Segment Start: Raw data

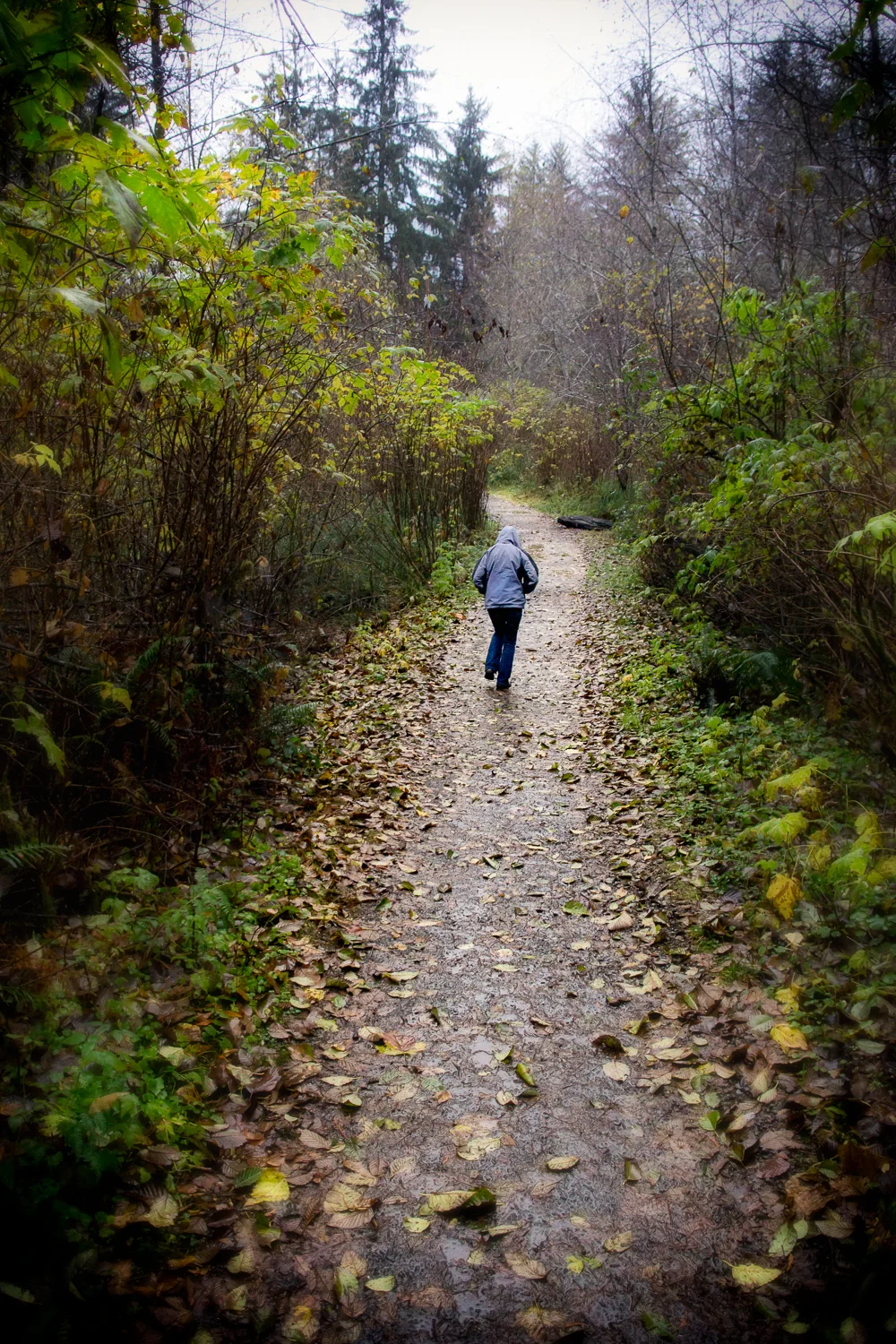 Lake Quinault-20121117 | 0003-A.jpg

Segment End: Raw data
Segment Start: Raw data

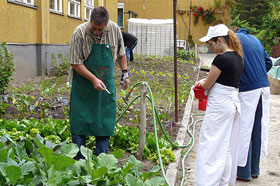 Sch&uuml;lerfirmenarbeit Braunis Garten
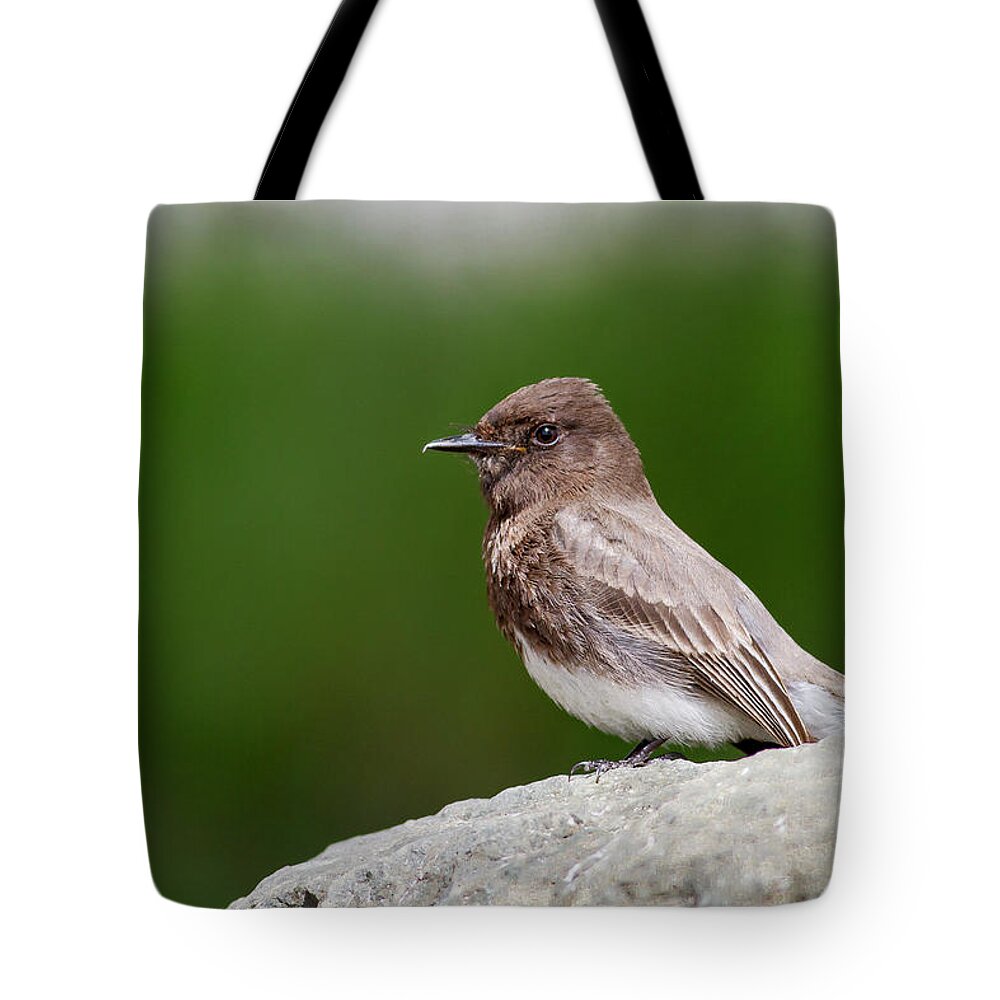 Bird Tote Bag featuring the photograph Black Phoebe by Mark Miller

Segment End: Raw data

The reply should hold exactly the lines above, starting at the line with "Sch&uuml;lerfirmenarbeit Braunis Garten" and ending at the line with "Bird Tote Bag", and no pictures.

Answer to the problem
 Sch&uuml;lerfirmenarbeit Braunis Garten
 Bird Tote Bag featuring the photograph Black Phoebe by Mark Miller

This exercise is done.